*** Opening of DATA EXTRACTS ***

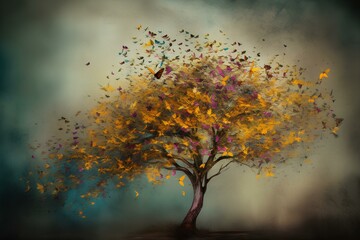 Fototapeta premium autumn tree in autumn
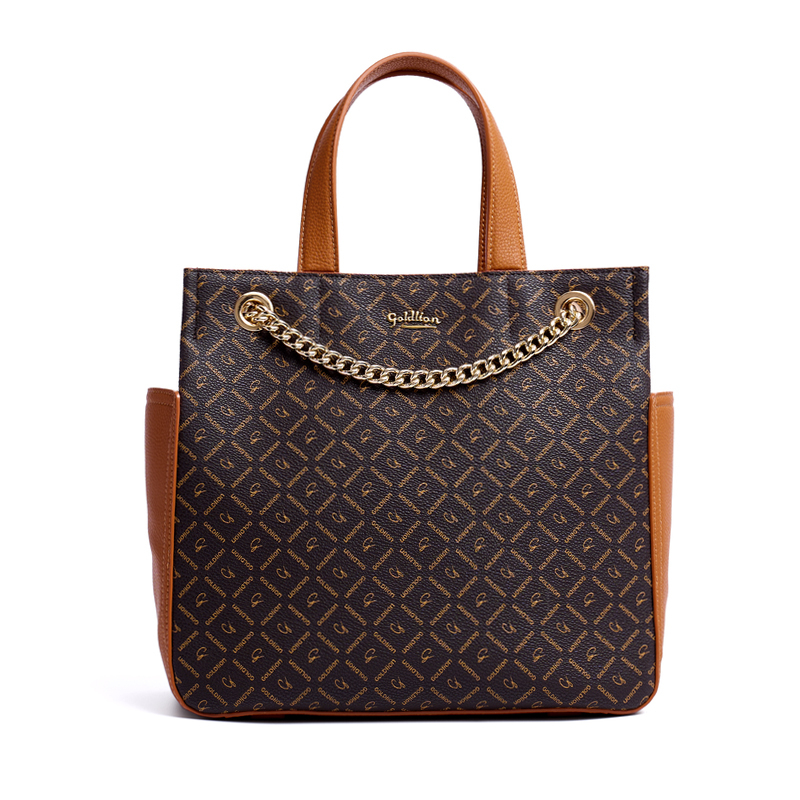 BROWN PVC BIG SATCHEL BAGS FOR WOMEN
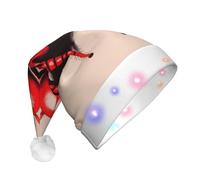 WBQLSL Simpatico cappello da Babbo Natale con piccolo ragno rosso con luce LED, unisex, per Natale, Capodanno, regalo per adulti, in peluche, regalo per feste di Natale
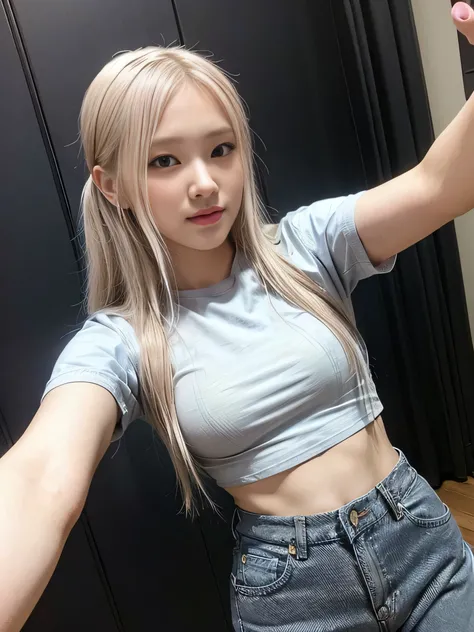 masterpiece: 1.4, (8K, Reality, RAW photograph, best quality: 1.4), bright lighting, beautiful detailed eyes, real skin:1.3, Beautiful skins, Attractive, high resolution, Ultra photo realism, Detailed: 1.4, ((white shirt:1.8, denim pants:1.6)), slim body:1...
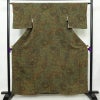 小紋 良品 縮緬 総柄 正絹 木の葉・植物柄 袷仕立て 身丈158cm 裄丈65cm 着物 緑・うぐいす色_画像1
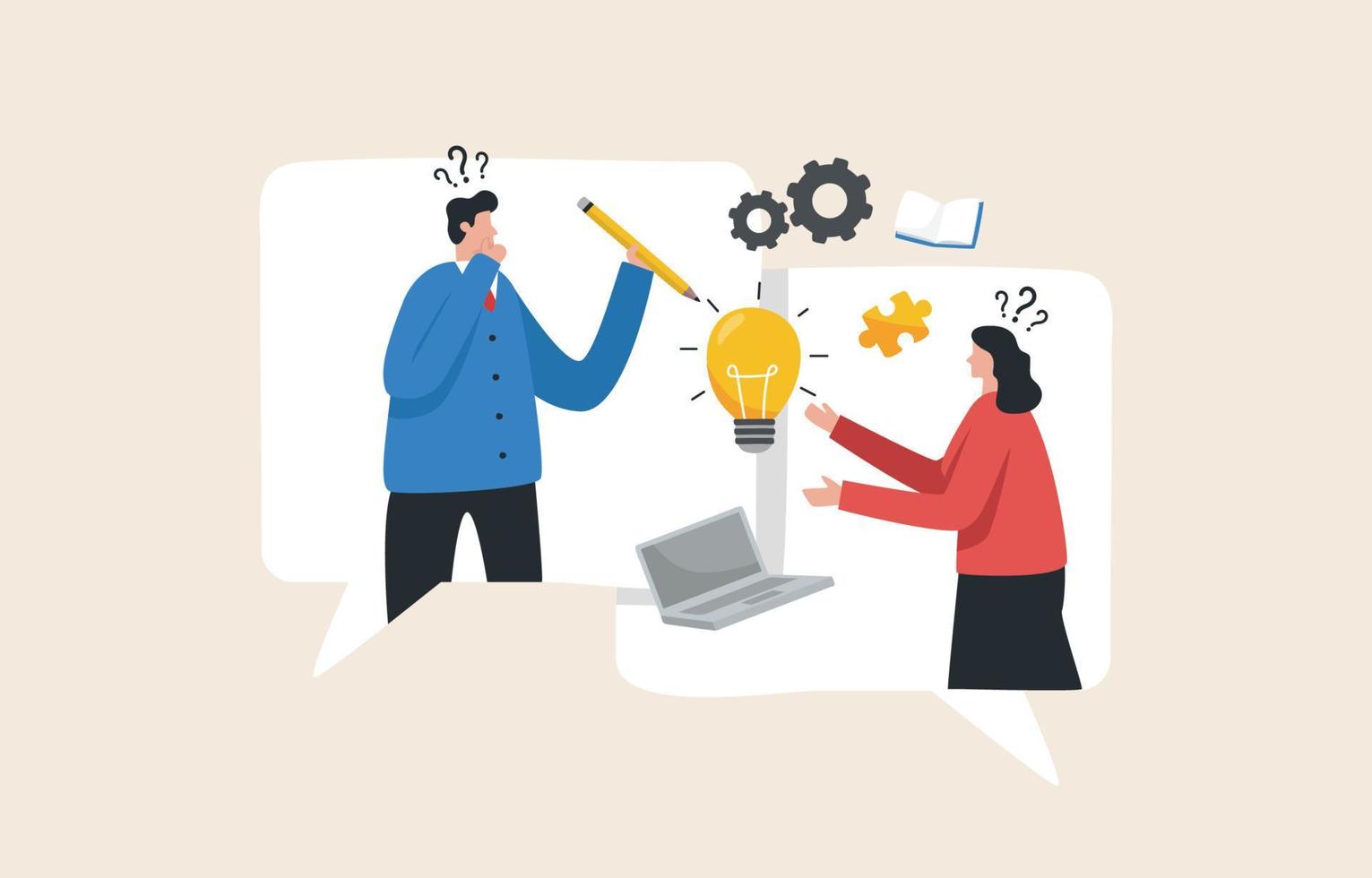 Communicate idea. Remote work collaboration. Online meeting. Conference video call. Giving opinions or brainstorming. Male and female employees talking in the speech box. vector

*** Close of DATA EXTRACTS ***

*EXERCISE BRIEF*
Set down every line of the entries above again, exactly as written, but not the pictures.

*RESULT OF THIS EXERCISE*
 Fototapeta premium autumn tree in autumn
 BROWN PVC BIG SATCHEL BAGS FOR WOMEN
 WBQLSL Simpatico cappello da Babbo Natale con piccolo ragno rosso con luce LED, unisex, per Natale, Capodanno, regalo per adulti, in peluche, regalo per feste di Natale
 masterpiece: 1.4, (8K, Reality, RAW photograph, best quality: 1.4), bright lighting, beautiful detailed eyes, real skin:1.3, Beautiful skins, Attractive, high resolution, Ultra photo realism, Detailed: 1.4, ((white shirt:1.8, denim pants:1.6)), slim body:1...
 小紋 良品 縮緬 総柄 正絹 木の葉・植物柄 袷仕立て 身丈158cm 裄丈65cm 着物 緑・うぐいす色_画像1
 Communicate idea. Remote work collaboration. Online meeting. Conference video call. Giving opinions or brainstorming. Male and female employees talking in the speech box. vector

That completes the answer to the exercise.